August 13, 2012
Memoirs of an Imaginary Friend
First sentence: "Here's what I know:"
Support your local independent bookstore: buy it there!
Review copy provided by my place of employment.
Release date: August 21, 2012
I'm kind of at a loss where to begin with this one. The owner at the bookstore handed it to me because it looks vaguely YA(ish), and imaginary friends have something to with kids, right?
But that isn't what this novel is at all.
In a fascinating approach to things, Dicks has written a novel from the imaginary friend's point of view. And, much in the way a fantasy writer creates a world, Dicks has created a whole world for Budo, nine-year-old Max's friend, to reside in. First off: just because Max is the only one who can see him, does not mean that Budo isn't real. He can see our world, experience our world, he just can't interact with other people. He can, however, interact with other imaginary friends, and from doing that, he's realized two things: 1) Max imagined him very well, because next to some of the other friends, Budo looks almost real; and 2) he's quite old -- being six -- and that is unusual. Most other imaginary friends don't last that long.
It starts out oddly; you don't know quite where Dicks is going with this story, especially since it becomes very clear early on that Max has some form of autism. Although it's never said outright, most of the signs are there. But as the story goes on, you realize that it's because Max is autistic that Budo exists. And that fact becomes crucial to the plot.

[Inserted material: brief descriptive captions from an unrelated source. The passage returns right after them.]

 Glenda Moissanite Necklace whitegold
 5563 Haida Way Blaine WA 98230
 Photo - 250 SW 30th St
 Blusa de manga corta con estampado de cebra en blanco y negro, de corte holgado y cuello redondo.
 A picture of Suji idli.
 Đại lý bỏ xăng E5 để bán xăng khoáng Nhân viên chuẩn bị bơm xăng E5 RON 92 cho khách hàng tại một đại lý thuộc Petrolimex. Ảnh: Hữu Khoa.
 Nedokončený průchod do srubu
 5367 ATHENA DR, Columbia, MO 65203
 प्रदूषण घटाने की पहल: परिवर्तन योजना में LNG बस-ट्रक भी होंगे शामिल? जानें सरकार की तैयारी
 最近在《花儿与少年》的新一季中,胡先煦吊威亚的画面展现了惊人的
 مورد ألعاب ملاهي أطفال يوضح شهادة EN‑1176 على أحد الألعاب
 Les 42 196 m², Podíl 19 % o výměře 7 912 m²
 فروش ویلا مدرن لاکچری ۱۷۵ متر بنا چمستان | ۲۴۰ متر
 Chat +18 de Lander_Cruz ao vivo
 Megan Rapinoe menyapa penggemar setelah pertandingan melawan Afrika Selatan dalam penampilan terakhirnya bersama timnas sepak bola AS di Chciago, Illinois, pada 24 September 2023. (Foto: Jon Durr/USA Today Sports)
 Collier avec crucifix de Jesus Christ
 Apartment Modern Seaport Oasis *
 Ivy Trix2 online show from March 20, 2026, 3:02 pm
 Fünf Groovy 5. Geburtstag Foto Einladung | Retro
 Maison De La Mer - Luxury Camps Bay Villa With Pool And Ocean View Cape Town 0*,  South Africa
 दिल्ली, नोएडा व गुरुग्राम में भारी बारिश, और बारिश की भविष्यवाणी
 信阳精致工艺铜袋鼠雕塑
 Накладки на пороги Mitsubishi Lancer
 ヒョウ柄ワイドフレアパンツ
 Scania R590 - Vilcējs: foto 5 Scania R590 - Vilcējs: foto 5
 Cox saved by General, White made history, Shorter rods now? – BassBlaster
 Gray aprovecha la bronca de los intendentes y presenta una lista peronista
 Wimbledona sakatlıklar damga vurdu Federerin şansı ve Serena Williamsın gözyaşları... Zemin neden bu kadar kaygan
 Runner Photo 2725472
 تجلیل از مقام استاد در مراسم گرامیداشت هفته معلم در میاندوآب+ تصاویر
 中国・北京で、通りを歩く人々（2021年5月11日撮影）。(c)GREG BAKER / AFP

I'll be straight with you: I got to a certain point in the book, and I was afraid I'd have to abandon it because one character was abusing Max. That is not the case. There are scary, and sad, things going on, but it's not abuse, thankfully. Because the book is remarkable. Not only for the world building, but for the heartbreakingly honest way Budo reacts to the situations with Max, and ends up being the unsung hero. I rarely think books are "heartwarming", but I do think that of this one. Heartwarming, creative, unique.
Amazing. It will make you want to believe in imaginary friends all over again.